I definately agree that there are several disadvantages in using it, but it also has some advantages.

posted by Stephan H. Wissel on Thursday 02 December 2010 AD:
@Peter
the web retriever task has been discontinued in R7, the code breaks on clients easily, you need to modify your database design, doesn't work for XML and doesn't allow clipping.

Too many disadvantages for pure LS. Even IBM suggested Java. I like the HTTP Client over bare bone URLConnection since it handles cookies, signon and redirections.

posted by Stephan H. Wissel on Friday 03 December 2010 AD:
The task is still there (fiercely backward compatible) but hasn't got any upgrade for a long long time.

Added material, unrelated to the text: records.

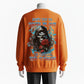 Don’t Try to Know Me Dark Gothic Reaper Sweatshirt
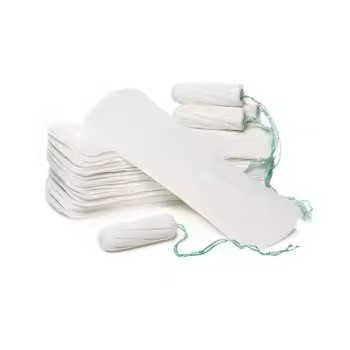 Wholesale Machine Manufacture Free Private Label Applicator Tampon Box Breathable Manufacturer Organic Tampons Plastic
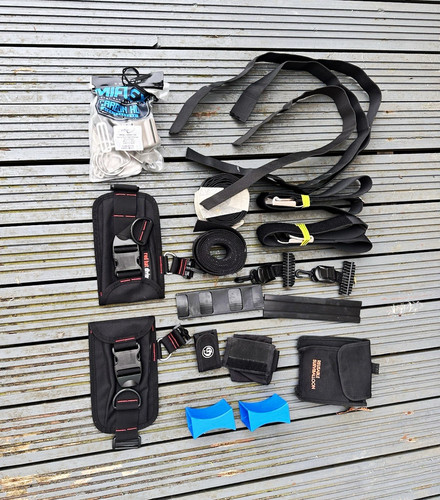 Scuba diving harness pouch - diving,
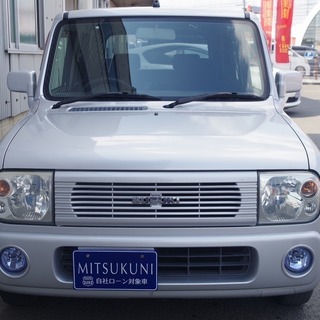 ⭐誰でも車がローンで買える⭐🚗自社ローン専門店🚗 アルトラパン ...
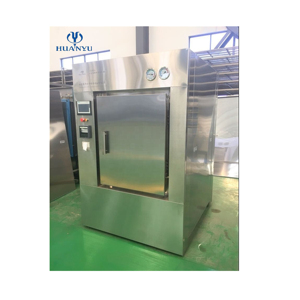 Esterilizador al vacío de pulso con prueba <span class=keywords><strong>BD</strong></span> - Product Image 1
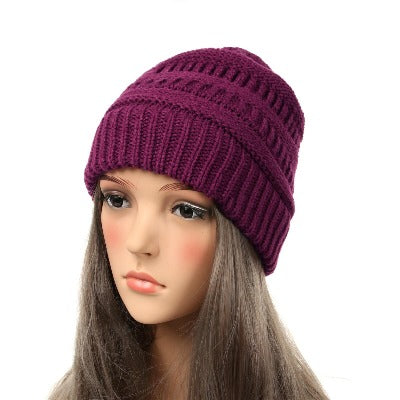 Warm Knitted Hat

That's what I meant with "discontinued"

posted by Hinshaw on Sunday 05 December 2010 AD:
Awesome work,i think that there is nothing can be perfectible.

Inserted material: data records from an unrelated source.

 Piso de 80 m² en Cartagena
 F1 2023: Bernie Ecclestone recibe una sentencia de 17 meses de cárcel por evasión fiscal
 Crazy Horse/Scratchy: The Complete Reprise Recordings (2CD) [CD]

posted by Mark Haller on Wednesday 07 November 2012 AD:
Hi Stephan

Love this post. Is this still your preferred method for retrieving a webpage in LS? Reason I ask - I'm fed up trying to fix msxml3 errors on my servers and need an alternate after using MSXML for a loooong time!

Just followed you on Twitter (@LogicSpot)

Would love some help soonest! Emoticon smile.gif

Mark